My doubt is if at the end of each training epoch, it makes sense to do an early stopping check using validation data with validation eras like this:


def validation_early_stopping(val_data, model):
    model.eval()
    era_list = eras_validation.unique()
    np.random.shuffle(era_list)
    batch_count = 0
    acc_loss_val = 10000
    
    with torch.no_grad(): 
      for era in era_list:
          batch_count += 1
          # get features and target from data and put in tensors
          features = torch.tensor(val_data[val_data.erano == era].filter(items=feature_names).values) - .5
          target = torch.tensor(val_data[val_data.erano == era]['target'])
          features = features.cuda()
          target = target.cuda()

          output = model(features)
          
          # neutralize model output
          b = features.pinverse(rcond=1e-6) @ output
          linear_pred = features @ b
          neutralized_output = output - linear_pred

          neut_tb_loss, neut_tb_exp = numerai_r_tb_exposure(neutralized_output, target, features, tb=500)
          neut_loss = numerair_tb(neutralized_output, target)
          orig_loss, orig_exp = numerai_r_tb_exposure(output, target, features)
          
          loss = -neut_tb_loss - neut_loss - orig_loss + neut_tb_exp/1e3 + orig_exp/1e4
          
          acc_loss_val += loss

      loss_val = acc_loss_val / batch_count
      return loss_val.item()

As we are using TB500, I’m not sure if the size or the composition of the validation batches matters here of if it’s even conceptually correct to check early stopping like this in this case.

Would there be an update soon for the numerai tournament? I wasn’t sure if something had already changed but I did not notice. I am not sure where to go for big notices like that.

Perhaps I misunderstand the meaning for TB500. I believe that to reference the Top/Bottom 500 prediction values. This is indeed a smaller subset than the full era, however in the code it looks like the TB500 samples are being used in their neutralized form as an addition to the full set of sample losses. Effectively adding extra pressure to the top and bottom 500 to improve performance.

Unless I’m reading this code incorrectly ( very possible), the neut_loss ( effectively the corr for the entire set of neutralized predictions) and the orig_loss ( corr for the entire set of raw predictions) are being maximized due to the “-” when they are included in the final loss calculation. This is also where the additional loss from the tb500 are included.
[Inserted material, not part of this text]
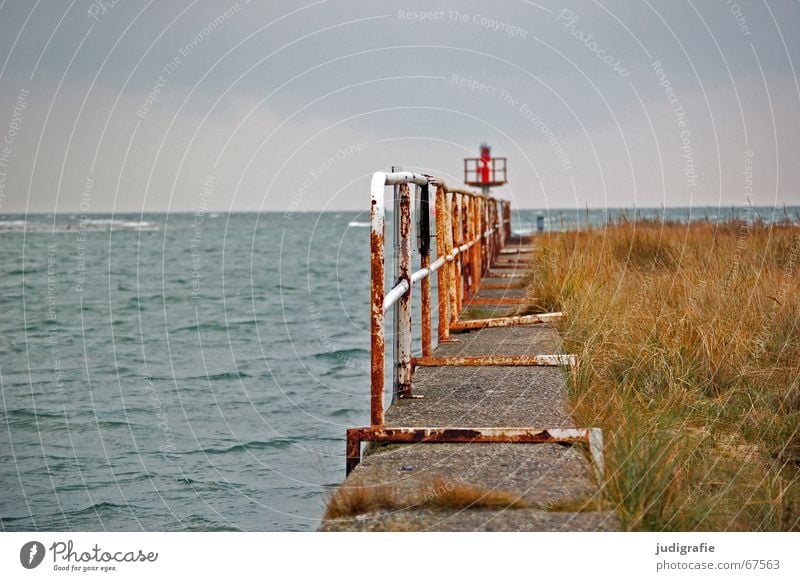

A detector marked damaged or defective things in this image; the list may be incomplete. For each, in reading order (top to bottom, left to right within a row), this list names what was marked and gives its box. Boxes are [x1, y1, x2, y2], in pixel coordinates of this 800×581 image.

If I’m reading this wrong however, I would love a clear breakdown of the process.

Sounds like you’ve got it!

@mdo if Numerai is performing Feature Neutralization on our predictions before TC calculations, would it not help to know which features the team is using to neutralize with? As Numerai is not aware of which features we may have used to generate predictions, how have they determined the best features to use in neutralization? Or do they use them all?

I see above a mention:

FNCv3 is the 420 features of the “medium” featureset they released.
On RC they announced that code for FNCv3 will be released soon

is this information public somewhere? I don’t find it on ‘Neutralization’ section of the Docs.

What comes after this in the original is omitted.